Olympics and Uefa sparked transshipment wave of fake sports goods from mainland into Hong Kong
The sports merchandise were part of a HK$26 million haul of counterfeit products seized by customs this year
Thousands of express parcels and transshipment cargo carrying fake brand-name goods worth HK$26 million had been confiscated in Hong Kong after being smuggled from the mainland in the first eight months of this year, customs said on Friday.
The 194,000 fake goods including leather products, watches, sports apparel and sports shoes were destined for the United States, Africa, Europe and Latin America, according to the Customs and Excise Department.
The seizure was part of a joint effort by Hong Kong and mainland customs authorities to combat cross-border activities that infringe upon intellectual property rights (IPR), the department said in a statement.
“Between January and August 2016, through intelligence exchange and risk indicator analysis, the two customs administrations conducted a series of joint operations to step up inspections on express parcels and transshipment cargo, thus effectively curbing transnational IPR infringing crimes,” it said.

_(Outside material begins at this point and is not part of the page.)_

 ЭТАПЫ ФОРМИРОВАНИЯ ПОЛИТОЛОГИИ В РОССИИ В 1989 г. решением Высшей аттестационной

Major international sporting events such as UEFA Euro 2016 and the Rio 2016 Olympics partly sparked the joint operations, according to a government source with knowledge of the investigation.

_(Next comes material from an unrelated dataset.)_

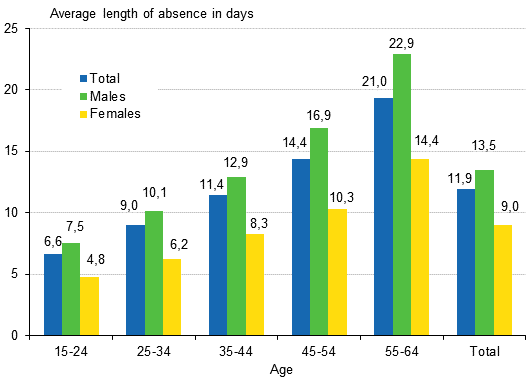 Figure 6. Average duration of disability caused by wage and salary earners’ accidents at work by gender and age in 2012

Counterfeit goods seized included Olympic souvenirs and Uefa sports T-shirts, according to the source.
Among the 194,000 fakes were some 3,000 suspectedly counterfeit sports apparel and shoes seized during the Uefa Euro 2016 period, and some 1,200 pieces of suspectedly fake sports merchandise confiscated when the Olympics were being held.
The source said the express parcels and transshipment cargo were intercepted at the river trade terminal in Tuen Mun, various cross-border immigration control points and the airport’s cargo terminal.
At the same time, to augment the effectiveness of fighting cross-border IPR infringing activities, Hong Kong customs and US and European law enforcement agencies conducted timely intelligence exchange and close monitoring of suspicious shipments, according to the department.
“Hong Kong customs will continue to collaborate closely with the mainland and overseas law enforcement agencies in suppressing cross-border IPR infringing activities,” it said.